Image 2 — Placement: After the visualization section, a colorful data visualization dashboard with histograms and heatmaps generated using Python Matplotlib and Seaborn on a monitor. ALT text: “Python interview questions for data science India 2026 — Python Matplotlib and Seaborn charts for data analysis”
External Authority Links
- Python Official Documentation—authoritative reference for all Python concepts
- Pandas Official Documentation — complete Pandas API reference and tutorials
- Kaggle — Python Courses for Data Science — free interactive Python data science courses
- Analytics Vidhya — Python for Data Science India — India-focused Python learning resources
- Real Python Tutorials — high-quality practical Python tutorials for all skill levels
FAQs: Python Interview Questions for Data Science India 2026
Q1. Which Python libraries are most important for data science interviews in India in 2026? Pandas and NumPy are by far the most important libraries for Python interview questions for data science in India in 2026. Matplotlib/Seaborn for visualization and Scikit-learn for ML basics are important at product and analytics companies.

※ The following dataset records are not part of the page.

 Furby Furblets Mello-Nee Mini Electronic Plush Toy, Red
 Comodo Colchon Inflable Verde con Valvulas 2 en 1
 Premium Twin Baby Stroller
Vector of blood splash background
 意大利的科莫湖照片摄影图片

Q2. Do freshers get asked machine learning questions in Python data science interviews? At IT services companies like TCS and Infosys, ML questions are rare at the fresher level. At product companies and startups, ML basics appear in Python interview questions for data science in India 2026 even for fresher roles. Knowing train-test split, linear regression, and basic evaluation metrics is usually sufficient.

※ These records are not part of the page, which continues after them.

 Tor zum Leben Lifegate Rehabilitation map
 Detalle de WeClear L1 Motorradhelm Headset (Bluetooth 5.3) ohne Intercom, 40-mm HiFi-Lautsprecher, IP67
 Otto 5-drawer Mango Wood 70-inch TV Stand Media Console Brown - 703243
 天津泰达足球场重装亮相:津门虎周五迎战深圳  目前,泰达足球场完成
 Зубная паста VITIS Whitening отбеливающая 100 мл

Q3. How should freshers prepare Python for data science interviews in India? Work through all Pandas and NumPy basics, complete Kaggle’s free Python and Pandas courses, and practice on real datasets. Solving every question in this Python interview questions for data science India 2026 guide from memory is an excellent preparation strategy.

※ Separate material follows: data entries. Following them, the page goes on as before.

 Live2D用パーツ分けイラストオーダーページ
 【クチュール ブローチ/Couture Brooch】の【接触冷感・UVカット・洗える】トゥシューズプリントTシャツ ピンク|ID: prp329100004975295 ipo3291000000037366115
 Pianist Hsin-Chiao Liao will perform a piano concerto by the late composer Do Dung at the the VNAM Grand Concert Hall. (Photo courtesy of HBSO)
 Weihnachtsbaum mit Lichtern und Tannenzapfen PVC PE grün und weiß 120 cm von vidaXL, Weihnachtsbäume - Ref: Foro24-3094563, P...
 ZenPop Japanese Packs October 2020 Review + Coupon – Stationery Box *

Q4. Is Jupyter Notebook used in Indian data science interviews? Many Indian companies conduct take-home assignments or live coding rounds in Jupyter notebooks. Being comfortable writing and explaining code in a notebook environment is valuable for Python interview questions for data science India 2026.
Q5. What Python projects should freshers build before interviews in India? Build an exploratory data analysis (EDA) project on a Kaggle dataset, a customer churn prediction model, and a sales dashboard using Matplotlib. These projects demonstrate practical application of all the Python interview questions for data science India 2026 concepts in a way that impresses recruiters.
Conclusion
Python mastery is what separates good data science candidates from great ones in India’s 2026 job market. The Python interview questions for data science in India 2026 in this guide cover every layer—from core Python data types to Pandas data manipulation, NumPy vectorization, visualization, and ML basics.
Do not just read this guide — write every code snippet yourself. Run it. Break it. Fix it. That hands-on practice is what converts theoretical knowledge into the real-world fluency that Python interview questions for data science in India in 2026 interviewers are actually testing for.